• _DATASET RECORDS_:
-- -- --
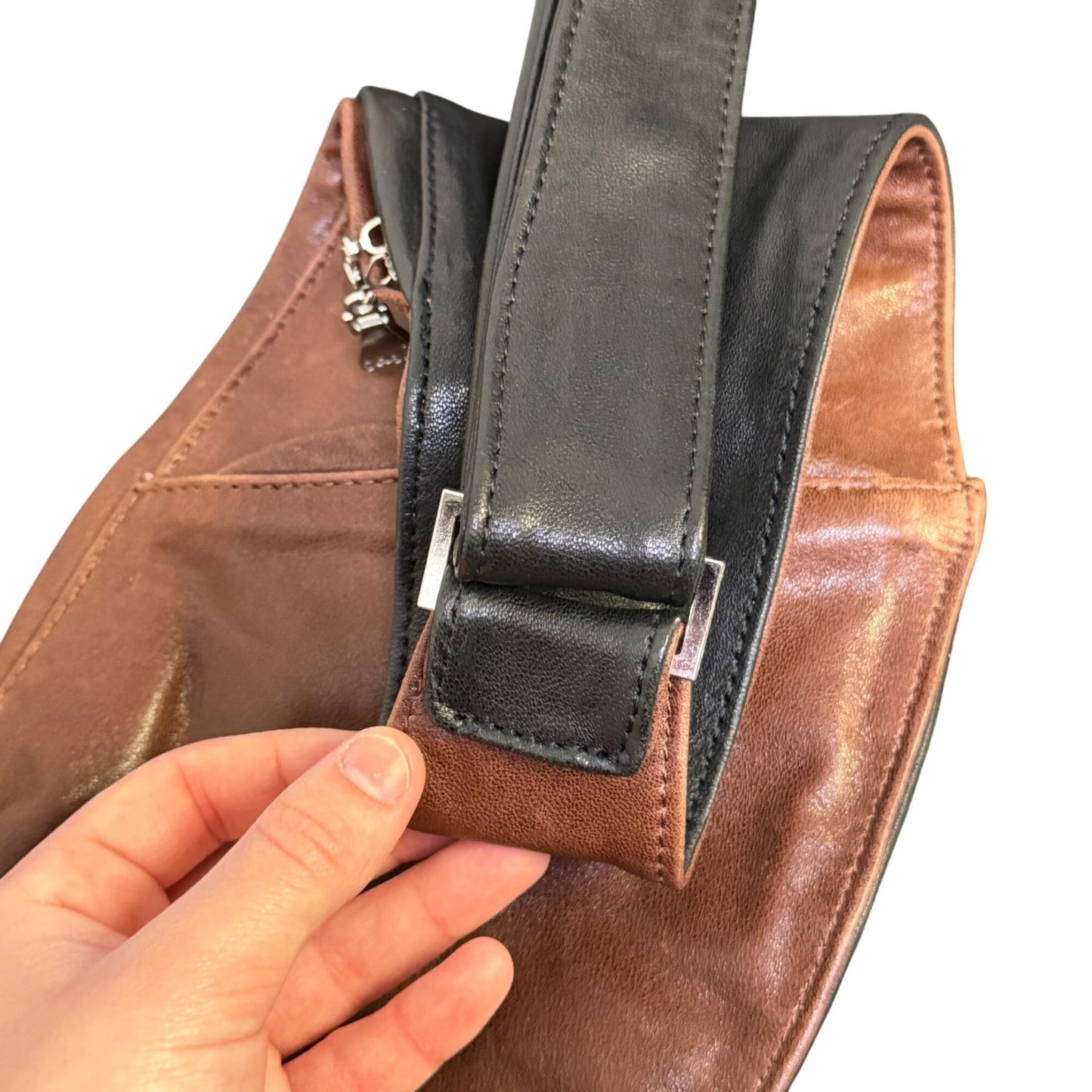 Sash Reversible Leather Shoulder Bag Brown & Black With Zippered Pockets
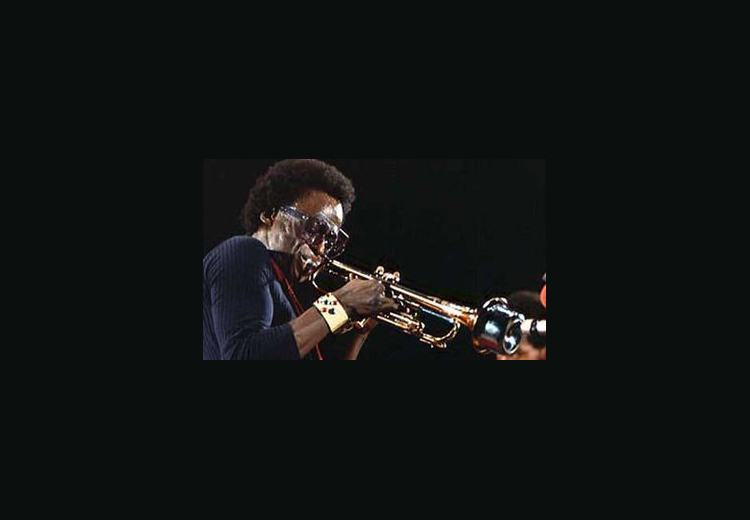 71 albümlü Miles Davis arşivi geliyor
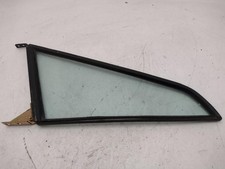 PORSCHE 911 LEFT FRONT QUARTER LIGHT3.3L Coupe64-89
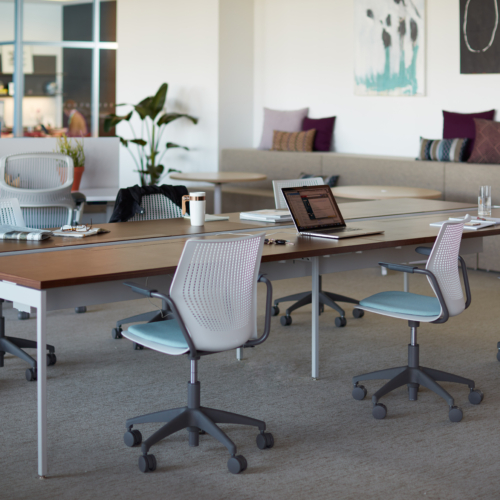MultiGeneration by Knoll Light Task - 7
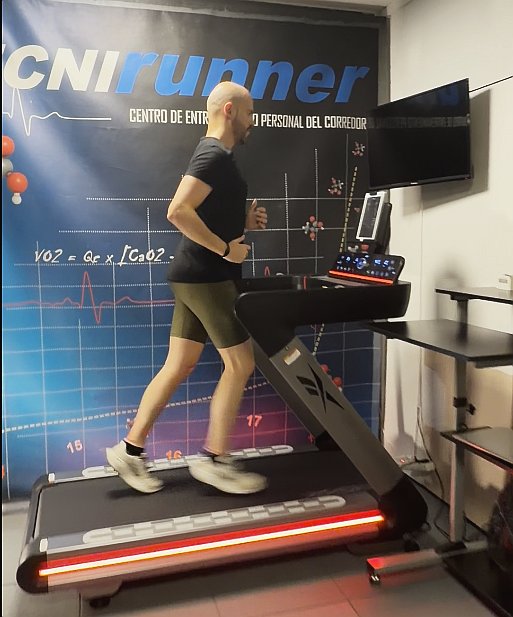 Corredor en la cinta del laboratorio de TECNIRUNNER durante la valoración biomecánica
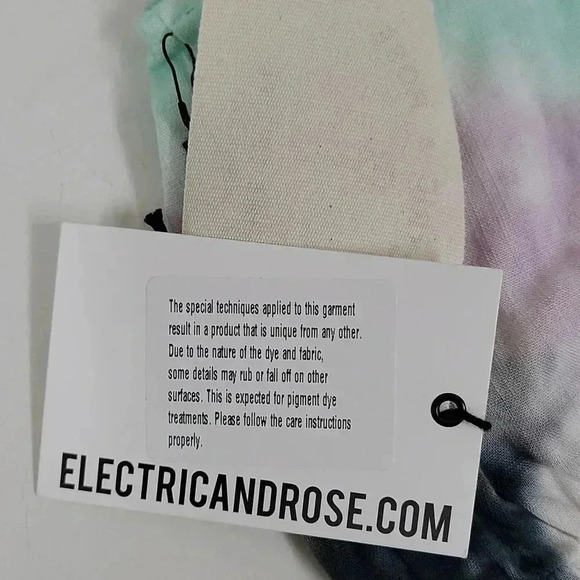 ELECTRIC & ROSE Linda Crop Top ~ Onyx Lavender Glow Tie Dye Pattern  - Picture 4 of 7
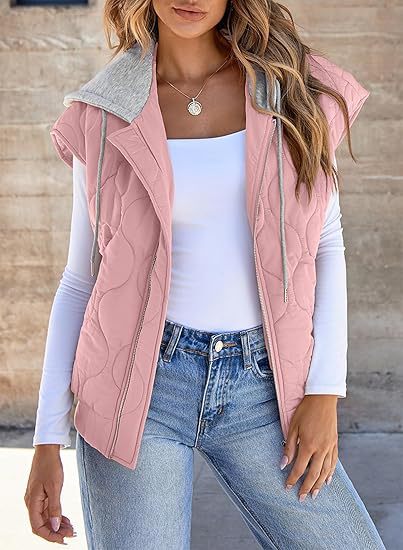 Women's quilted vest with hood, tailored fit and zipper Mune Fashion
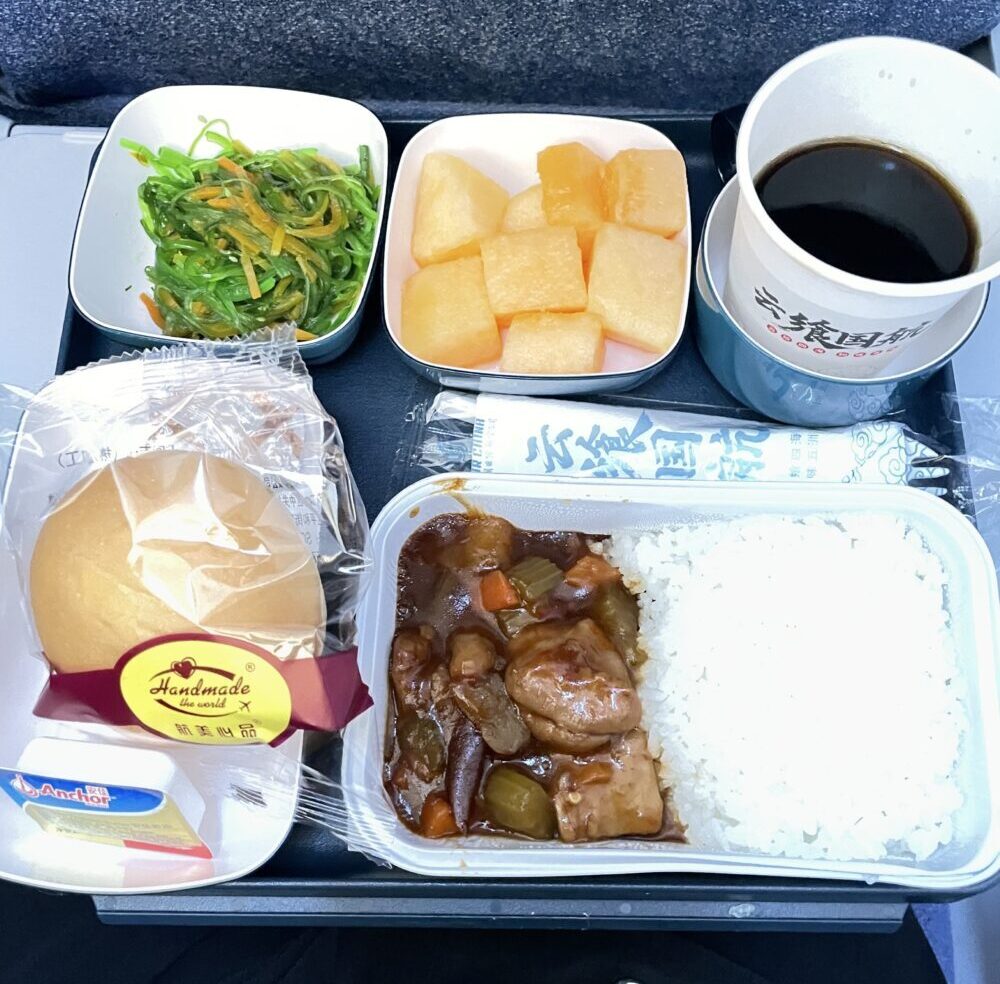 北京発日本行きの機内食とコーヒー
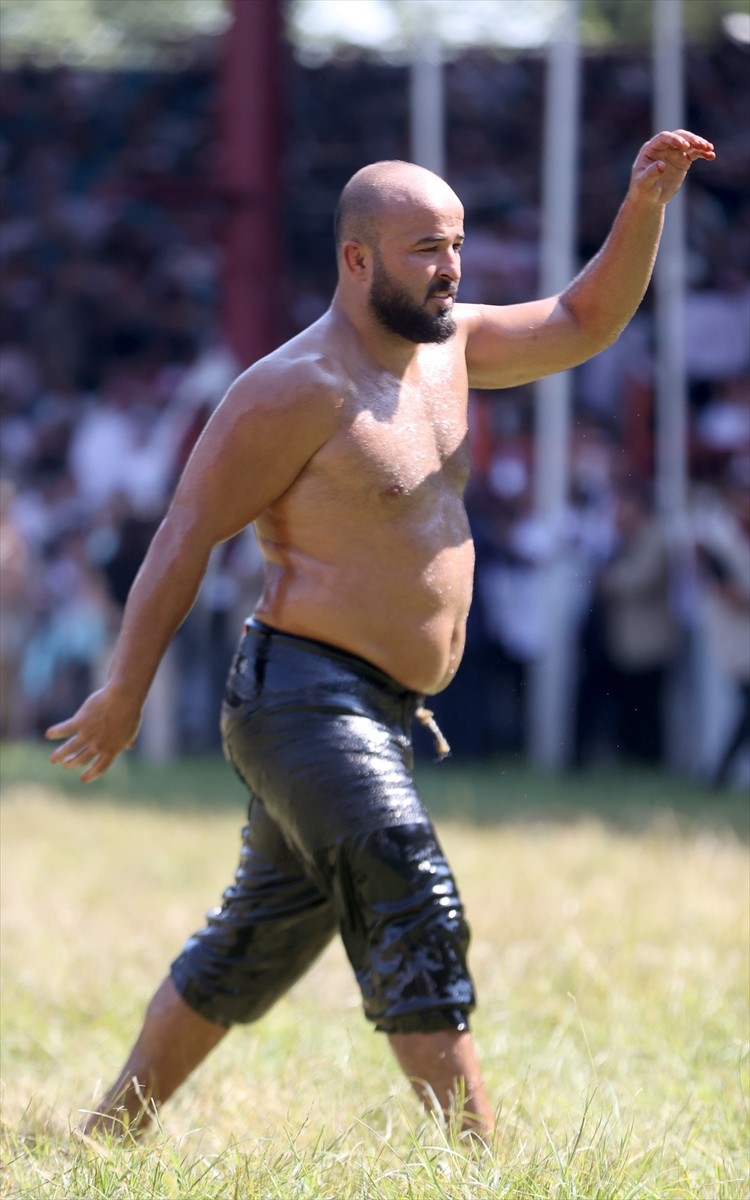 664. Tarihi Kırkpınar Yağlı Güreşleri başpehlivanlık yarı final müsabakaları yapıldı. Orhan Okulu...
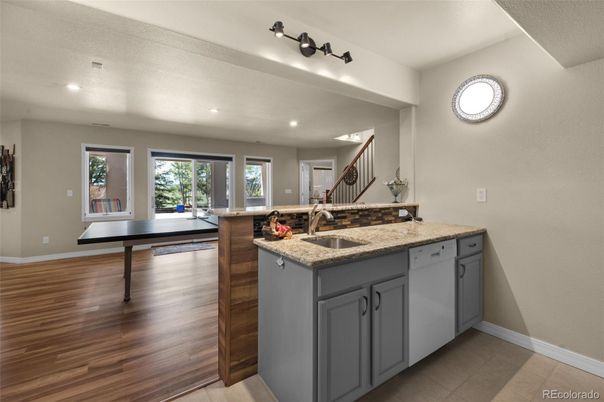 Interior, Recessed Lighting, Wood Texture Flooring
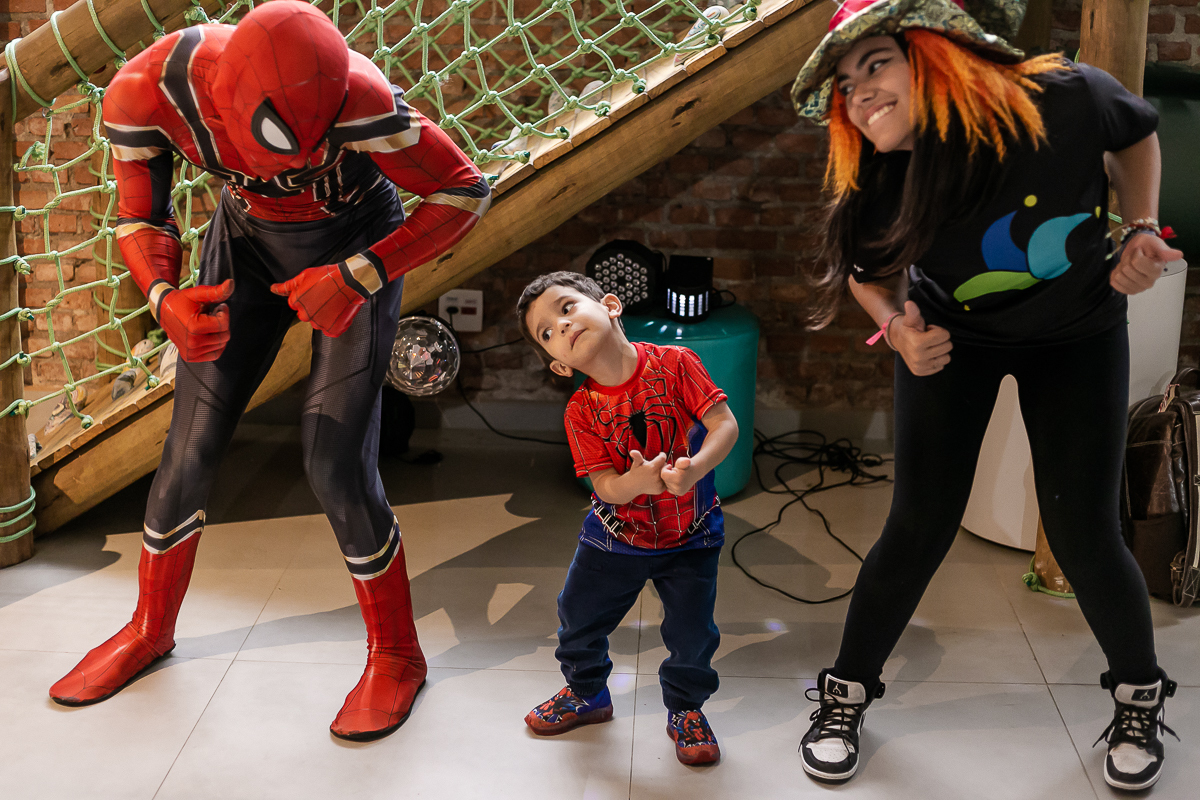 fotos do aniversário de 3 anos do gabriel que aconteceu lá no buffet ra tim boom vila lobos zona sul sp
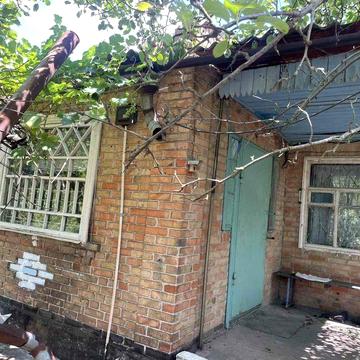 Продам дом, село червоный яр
-- -- --
• _WORK ITEM_: In the records above, find the line containing "ELECTRIC & ROSE" and the line containing "664. Tarihi Kırkpınar", then give both of them again word for word along with every line between. Omit any pictures.

• _WRITTEN SOLUTION_:
 ELECTRIC & ROSE Linda Crop Top ~ Onyx Lavender Glow Tie Dye Pattern  - Picture 4 of 7
 Women's quilted vest with hood, tailored fit and zipper Mune Fashion
 北京発日本行きの機内食とコーヒー
 664. Tarihi Kırkpınar Yağlı Güreşleri başpehlivanlık yarı final müsabakaları yapıldı. Orhan Okulu...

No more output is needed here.